___ Supplied information
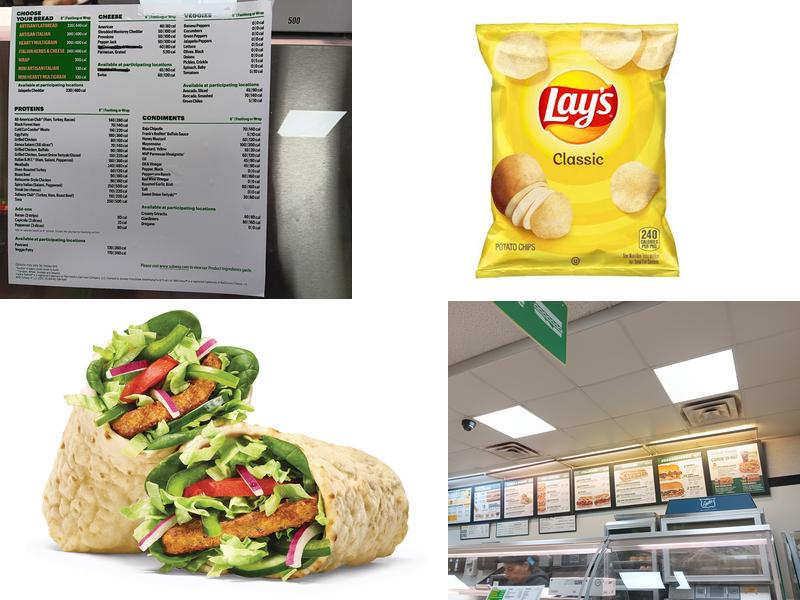 Subway Menu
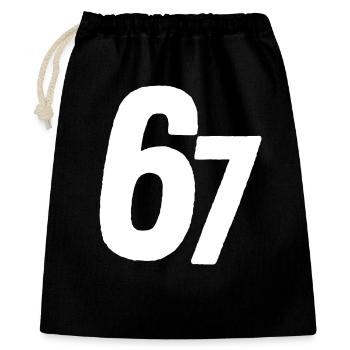 67 Six Sept - Sac cadeau 40 x 50 cm - noir - Devant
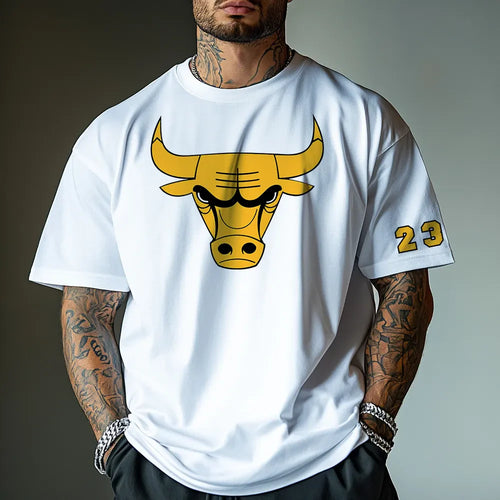 Oversized Μπλουζάκι Bulls23 Gold 2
______
Brief: Only the lines from the one with "67 Six Sept" through the last line above belong in the answer. Reproduce them exactly, without the pictures.

Result of this task:
 67 Six Sept - Sac cadeau 40 x 50 cm - noir - Devant
 Oversized Μπλουζάκι Bulls23 Gold 2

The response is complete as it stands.